Government coercion is a bit of a stretch, don't you think? more like corporate coercion when private entities become too big to fail .
zemack December 06, 2010 at 7:36PM
"Rationalization" is a buzz word for rationing - stripping us of our freedom to pursue healthcare in voluntary association with providers. It means, quite simply, death squads.
"Too big to fail" is a government creation, which feeds growth of businesses racing to enter the exclusive bailout club, known as "too big to fail". Stop the bailouts, and many business behemoths would fall to smaller, better competitors, who are currently at a disadvantage thanks to government protection of the big guys under "too big to fail" policies.
Government coercion is no "stretch". It is a fact. A government, by its nature, has a legal monopoly on the use of physical force (coercion). No private business in a free market can legally force anyone. It is only in a mixed, regulated economy - where business and politics blends - that private businesses appear to have coercive powers.

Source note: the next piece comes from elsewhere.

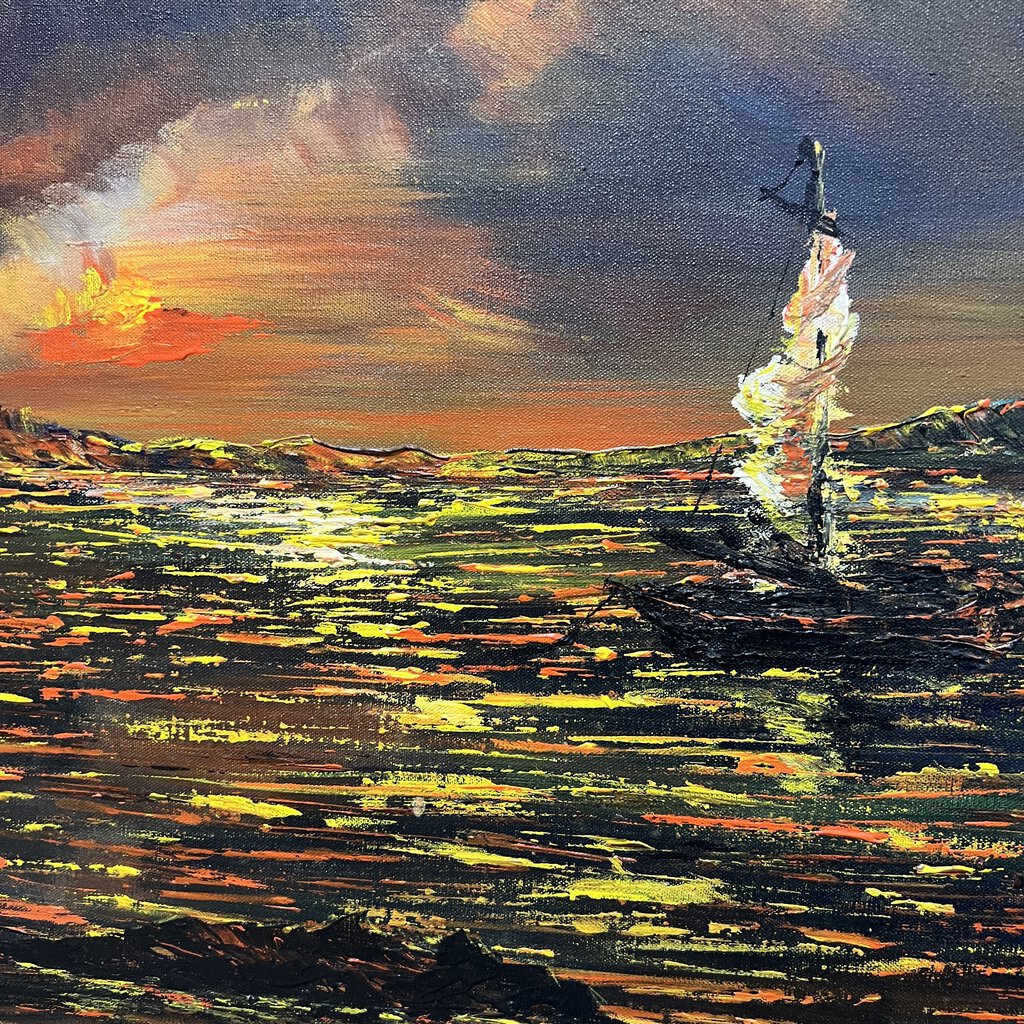Vintage Haitian Seascape Oil Painting Signed by: Listed Artist Lyonel Laurenceau (1942-) 41Lx29H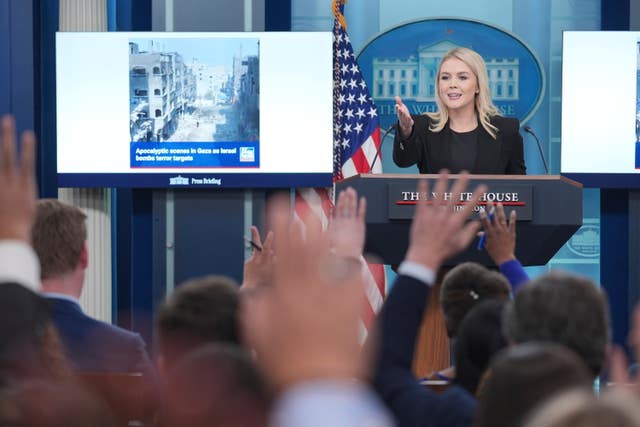 White House press secretary Karoline Leavitt speaks during a briefing at the White House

You said so yourself: "Instead of the "efficiencoes of the market:, we get a revolving door, insurance co. to Congress , money in legistlation out, LIz Fowler from Wellpoint insurance seated behind Senator Max Bacuus handing him papers during testimony." If we had capitalism - the separation of economics and state - the government would use its monopoly on legalized coercion to protect us from criminals, foreign enemies, fraud, libel, breach of contract, and the like. Business would have only voluntary pursuasion to buy its products. Fowler would have no need to sit behind Baucus, because Baucus would not have the power to legislate government control of health insurance. He would be on his own, trying to devise policies that we like and can afford.